その時、多分深夜だったと思う。病室の天井を見上げたときに、ああ、これは生きるか死ぬかの所に来ているな、とハッキリと分かった。意外と人の生き死にというのは軽くて簡単なものなのだな、という奇妙にあっさりとした驚きだけがあった。残念ながら、人の生き死にに、重々しい筋書きというものは用意されていないようだ。

もちろん、人類の生き死にの数だけそうした思いがあって、そんな感想には何一つ新しいことは無いのだろう。その時、iPhoneは手元にあったけれど、羊ページはドメイン移管の間で動いておらず、そんな月並みな感想を残すことも、できなかった。幸い、こうして戻ってきたのだが。

後日、産業医には「あなた、日本だから助かったんですよ。普通死んでます」と言われて、案外自分の確信というのは、当てになるんだな、と納得した。


2019年の12月は、僕が記録的にジンジャーエールを飲んだ月として、記録されるだろう。主に、このサイトに。退院して以来、酒を飲まずになんとなく過ごしてきた。そうして、飲まない事で生まれる「時間」が凄く大きいことに初めて気がついた。なにせ、飲み会から帰っても、そこから何でも好きなことができるのだ。なにせ、飲んでないから。そうして、忘年会シーズンを迎えたのだ。

普通に飲み会には行って、忘年会にも行って、サシで飲みにも行く。ただ、これまでと違うのはジンジャエールを飲んでいると言うことで、色んな店の色んなジンジャーエールを味わう事になった。ウィルキンソンの辛い方を、瓶で出してくれる所もあるし(わざわざストローを挿すのは止めて欲しかったが)、正体不明の甘い炭酸水みたいな所もあった。
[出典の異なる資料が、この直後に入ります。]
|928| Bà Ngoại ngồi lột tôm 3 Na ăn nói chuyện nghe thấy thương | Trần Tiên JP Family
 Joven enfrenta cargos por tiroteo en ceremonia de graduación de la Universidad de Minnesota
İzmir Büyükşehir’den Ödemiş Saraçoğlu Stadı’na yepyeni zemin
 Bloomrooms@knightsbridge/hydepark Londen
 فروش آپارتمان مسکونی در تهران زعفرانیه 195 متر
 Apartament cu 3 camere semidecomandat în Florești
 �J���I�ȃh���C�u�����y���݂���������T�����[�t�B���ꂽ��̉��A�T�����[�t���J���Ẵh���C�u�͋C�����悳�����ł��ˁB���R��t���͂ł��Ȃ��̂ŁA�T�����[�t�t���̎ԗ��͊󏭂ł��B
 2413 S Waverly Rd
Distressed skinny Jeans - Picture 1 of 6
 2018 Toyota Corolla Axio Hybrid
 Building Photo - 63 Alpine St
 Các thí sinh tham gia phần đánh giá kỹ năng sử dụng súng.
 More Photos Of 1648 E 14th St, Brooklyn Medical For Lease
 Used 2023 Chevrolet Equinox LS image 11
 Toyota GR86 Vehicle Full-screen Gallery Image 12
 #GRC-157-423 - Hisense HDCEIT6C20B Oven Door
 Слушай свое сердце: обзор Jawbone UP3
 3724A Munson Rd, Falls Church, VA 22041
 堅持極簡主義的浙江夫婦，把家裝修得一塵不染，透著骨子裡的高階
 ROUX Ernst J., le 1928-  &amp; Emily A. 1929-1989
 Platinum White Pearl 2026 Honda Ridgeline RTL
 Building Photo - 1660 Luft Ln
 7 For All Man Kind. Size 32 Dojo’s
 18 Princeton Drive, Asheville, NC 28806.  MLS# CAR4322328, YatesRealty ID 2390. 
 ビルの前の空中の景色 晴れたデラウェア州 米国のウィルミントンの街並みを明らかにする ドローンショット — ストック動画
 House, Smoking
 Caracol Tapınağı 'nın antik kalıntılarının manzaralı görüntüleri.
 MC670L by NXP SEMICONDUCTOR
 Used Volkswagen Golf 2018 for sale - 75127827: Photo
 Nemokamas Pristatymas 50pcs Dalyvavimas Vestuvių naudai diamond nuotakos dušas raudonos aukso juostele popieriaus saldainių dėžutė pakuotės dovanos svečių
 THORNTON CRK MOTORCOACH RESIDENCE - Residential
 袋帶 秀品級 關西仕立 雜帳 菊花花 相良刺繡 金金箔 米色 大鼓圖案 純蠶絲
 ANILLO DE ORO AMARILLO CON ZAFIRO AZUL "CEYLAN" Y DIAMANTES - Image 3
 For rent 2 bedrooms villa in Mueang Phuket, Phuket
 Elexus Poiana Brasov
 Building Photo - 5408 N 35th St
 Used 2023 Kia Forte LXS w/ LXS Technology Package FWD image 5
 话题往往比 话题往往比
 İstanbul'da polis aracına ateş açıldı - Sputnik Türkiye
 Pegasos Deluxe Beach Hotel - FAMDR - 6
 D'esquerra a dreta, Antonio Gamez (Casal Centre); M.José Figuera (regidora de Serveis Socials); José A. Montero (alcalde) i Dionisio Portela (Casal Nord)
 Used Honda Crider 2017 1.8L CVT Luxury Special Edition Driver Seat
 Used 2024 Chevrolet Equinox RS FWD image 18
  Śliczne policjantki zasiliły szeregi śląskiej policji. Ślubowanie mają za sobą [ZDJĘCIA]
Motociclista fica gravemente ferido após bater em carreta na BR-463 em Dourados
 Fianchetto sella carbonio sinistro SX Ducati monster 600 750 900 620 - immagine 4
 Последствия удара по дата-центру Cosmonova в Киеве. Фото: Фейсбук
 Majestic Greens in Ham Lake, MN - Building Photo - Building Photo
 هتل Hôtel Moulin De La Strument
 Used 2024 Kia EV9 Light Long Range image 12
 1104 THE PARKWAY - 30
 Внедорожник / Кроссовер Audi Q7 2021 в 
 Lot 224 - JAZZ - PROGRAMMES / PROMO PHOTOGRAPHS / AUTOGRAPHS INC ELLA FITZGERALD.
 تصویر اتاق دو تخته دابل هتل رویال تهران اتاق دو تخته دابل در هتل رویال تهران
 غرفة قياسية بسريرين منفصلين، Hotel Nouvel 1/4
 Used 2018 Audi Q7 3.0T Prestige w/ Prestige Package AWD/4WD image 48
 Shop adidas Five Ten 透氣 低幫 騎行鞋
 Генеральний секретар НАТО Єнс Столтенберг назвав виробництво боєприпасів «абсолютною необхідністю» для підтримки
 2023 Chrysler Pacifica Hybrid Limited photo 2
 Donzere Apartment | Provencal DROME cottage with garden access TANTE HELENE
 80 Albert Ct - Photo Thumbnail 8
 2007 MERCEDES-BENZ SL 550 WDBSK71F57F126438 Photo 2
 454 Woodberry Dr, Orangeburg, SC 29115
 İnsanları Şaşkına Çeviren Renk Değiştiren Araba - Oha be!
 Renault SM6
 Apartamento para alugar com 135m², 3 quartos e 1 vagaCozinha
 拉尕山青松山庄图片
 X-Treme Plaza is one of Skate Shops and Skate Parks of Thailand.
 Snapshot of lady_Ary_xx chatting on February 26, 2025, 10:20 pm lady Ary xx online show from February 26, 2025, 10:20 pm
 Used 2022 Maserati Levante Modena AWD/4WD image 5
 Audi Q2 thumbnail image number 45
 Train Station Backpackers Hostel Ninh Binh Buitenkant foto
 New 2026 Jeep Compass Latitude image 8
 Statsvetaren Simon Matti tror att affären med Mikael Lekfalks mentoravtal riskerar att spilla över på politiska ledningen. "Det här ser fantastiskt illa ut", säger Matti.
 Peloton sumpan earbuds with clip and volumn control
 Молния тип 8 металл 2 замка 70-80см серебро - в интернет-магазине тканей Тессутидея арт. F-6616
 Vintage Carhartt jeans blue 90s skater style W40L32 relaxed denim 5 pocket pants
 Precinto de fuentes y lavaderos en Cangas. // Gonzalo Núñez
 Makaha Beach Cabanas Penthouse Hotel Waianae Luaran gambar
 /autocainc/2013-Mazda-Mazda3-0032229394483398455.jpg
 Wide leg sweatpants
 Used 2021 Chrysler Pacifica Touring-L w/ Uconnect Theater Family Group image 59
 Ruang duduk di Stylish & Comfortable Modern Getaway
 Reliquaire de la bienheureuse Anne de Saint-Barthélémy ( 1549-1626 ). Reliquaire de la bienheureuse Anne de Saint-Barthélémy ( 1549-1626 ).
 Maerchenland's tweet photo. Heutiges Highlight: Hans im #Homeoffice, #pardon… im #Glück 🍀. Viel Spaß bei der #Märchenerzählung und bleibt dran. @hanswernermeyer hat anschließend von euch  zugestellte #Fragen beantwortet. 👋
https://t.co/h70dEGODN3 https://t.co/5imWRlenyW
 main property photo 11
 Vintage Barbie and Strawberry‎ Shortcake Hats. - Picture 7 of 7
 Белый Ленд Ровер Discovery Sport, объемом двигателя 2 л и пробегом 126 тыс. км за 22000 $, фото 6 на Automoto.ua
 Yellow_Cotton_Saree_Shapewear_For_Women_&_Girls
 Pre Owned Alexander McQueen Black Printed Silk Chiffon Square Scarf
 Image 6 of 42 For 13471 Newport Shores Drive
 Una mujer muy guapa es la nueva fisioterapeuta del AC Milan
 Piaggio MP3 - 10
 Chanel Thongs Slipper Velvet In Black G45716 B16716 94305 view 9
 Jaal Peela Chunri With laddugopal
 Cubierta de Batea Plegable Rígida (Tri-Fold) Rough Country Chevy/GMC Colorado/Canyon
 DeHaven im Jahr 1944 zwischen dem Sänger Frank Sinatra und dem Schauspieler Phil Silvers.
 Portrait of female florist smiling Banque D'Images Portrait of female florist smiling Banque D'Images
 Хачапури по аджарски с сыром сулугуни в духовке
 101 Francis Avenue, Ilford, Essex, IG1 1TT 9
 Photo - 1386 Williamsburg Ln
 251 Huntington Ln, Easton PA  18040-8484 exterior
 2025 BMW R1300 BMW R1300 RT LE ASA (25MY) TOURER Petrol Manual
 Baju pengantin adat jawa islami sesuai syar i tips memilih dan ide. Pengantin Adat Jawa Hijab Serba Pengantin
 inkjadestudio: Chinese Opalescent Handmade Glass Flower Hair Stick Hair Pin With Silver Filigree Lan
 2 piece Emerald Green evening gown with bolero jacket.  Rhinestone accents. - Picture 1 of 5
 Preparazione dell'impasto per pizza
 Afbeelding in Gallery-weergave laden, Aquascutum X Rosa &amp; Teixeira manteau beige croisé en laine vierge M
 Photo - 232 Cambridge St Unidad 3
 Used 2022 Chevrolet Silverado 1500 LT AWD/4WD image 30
そんな感じで、その日は、12月に入って何回目かの忘年会的なディナーに出席していた。

「〆のご挨拶、お願いできますか。」

完全にお客さんモードで、何のプレッシャーも無く、僕は気楽にパンに山盛りのバターを付けたり(酒を飲まないと体重は増えない)、白身魚のカルパッチョ(真っ直ぐなメニューで好ましい)などを食べていた訳だが、いきなり耳元でそう言われて、ええっ、という気分になった。いやいや、他にいくらでも居るでしょ?

「この場では、その、、最高位なので、、」

勤め人の世界は、例え外資であっても、いや外資だからこそかもしれないが、軍隊的組織構造とヒエラルキーが存在していて、バター付きパンを持ったまま周りを見回すと確かに、肩書き序列で言えば、、、本日この場に居る士官は小官だけでありますか。。


Simplenoteを立ち上げて、急場でトピックを考える。キーワードだけ書いて、あとはアドリブで行くしかない。テーブルの割に沢山配置されて暇を持て余したホールスタッフが、ひっきりなしに新しいジンジャエールを持ってきてくれるので、飲み物には困らない。5つ、キーワードをひねり出して、マイクに向かう。

宴会の〆で、スタンドマイクの前に立つって、あまりない経験。なんとなく、他人事として見てきた風景を、自分の目から見る。FPSゲームのような、そんな感覚。あるいは、病棟で天井を見つめていた時と同じ、他人事だと思って居た舞台に、自分が立っている奇妙な違和感。

 

これまた意外な発見は、酔った会場を相手に素面でスピーチするのは、実は難易度がぐっと低いという事。